Information provided:
# # #

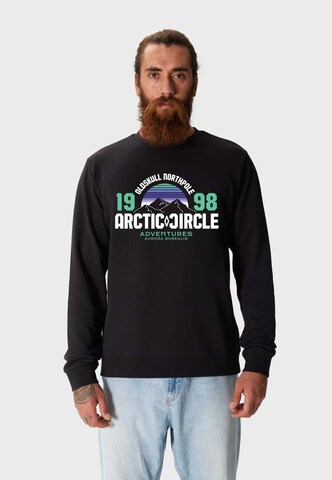 Oldskull Sweatshirt 'Wrldvibe Aurora Mountain Quest' in Schwarz: Vorderseite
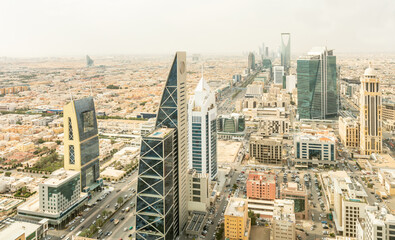 Aerial panorama of Al Olaya, the downtown of Riyadh city, Al Riyadh, Saudi Arabia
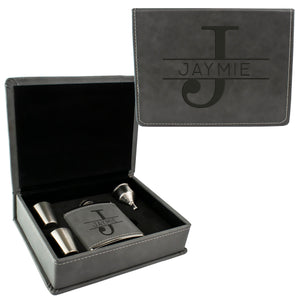 Grey Leather Hip Flask Gift Set - Monogram Design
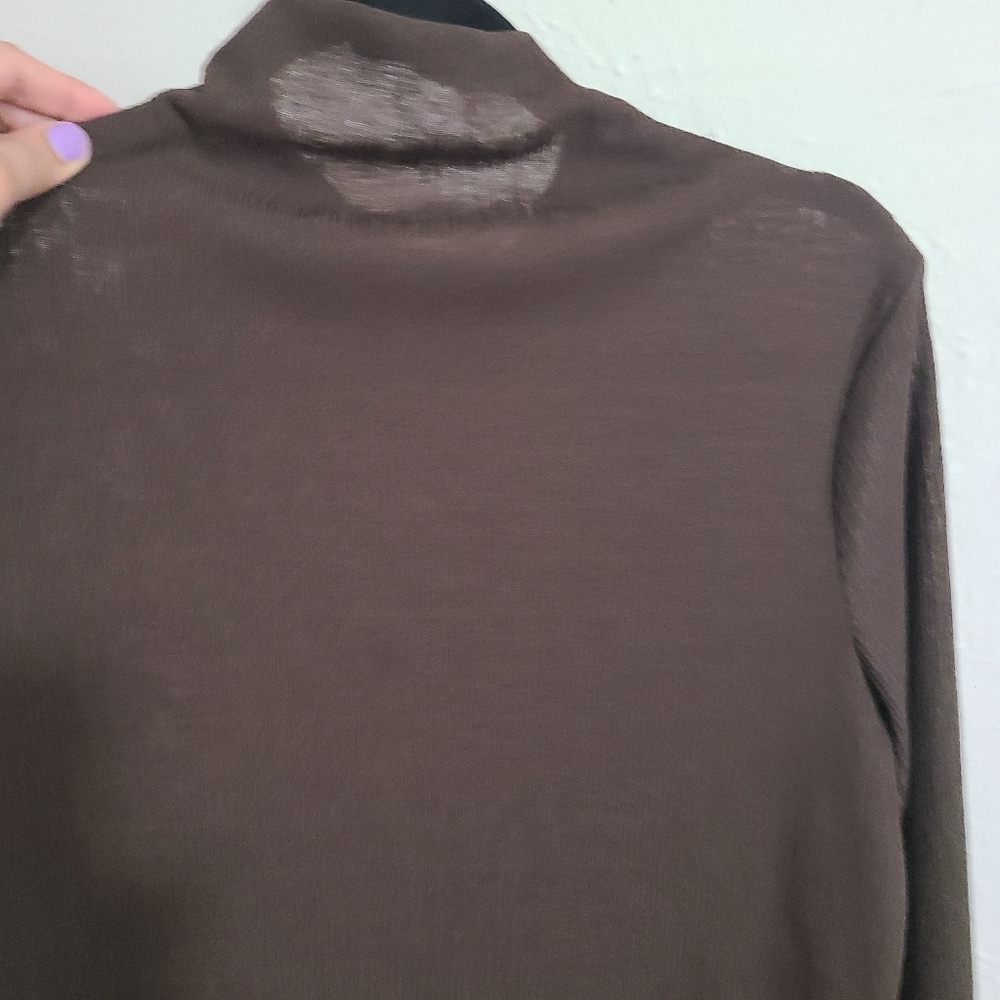 Chocolate mock Neck Elegant Brown Women's Sweater - Picture 5 of 8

# # #

Assigned task: Wording must stay exact. Give again the lines from the line with "Aerial panorama of" through the last line of the listing, both ends included, without pictures.

Answer for this exercise:
 Aerial panorama of Al Olaya, the downtown of Riyadh city, Al Riyadh, Saudi Arabia
 Grey Leather Hip Flask Gift Set - Monogram Design
 Chocolate mock Neck Elegant Brown Women's Sweater - Picture 5 of 8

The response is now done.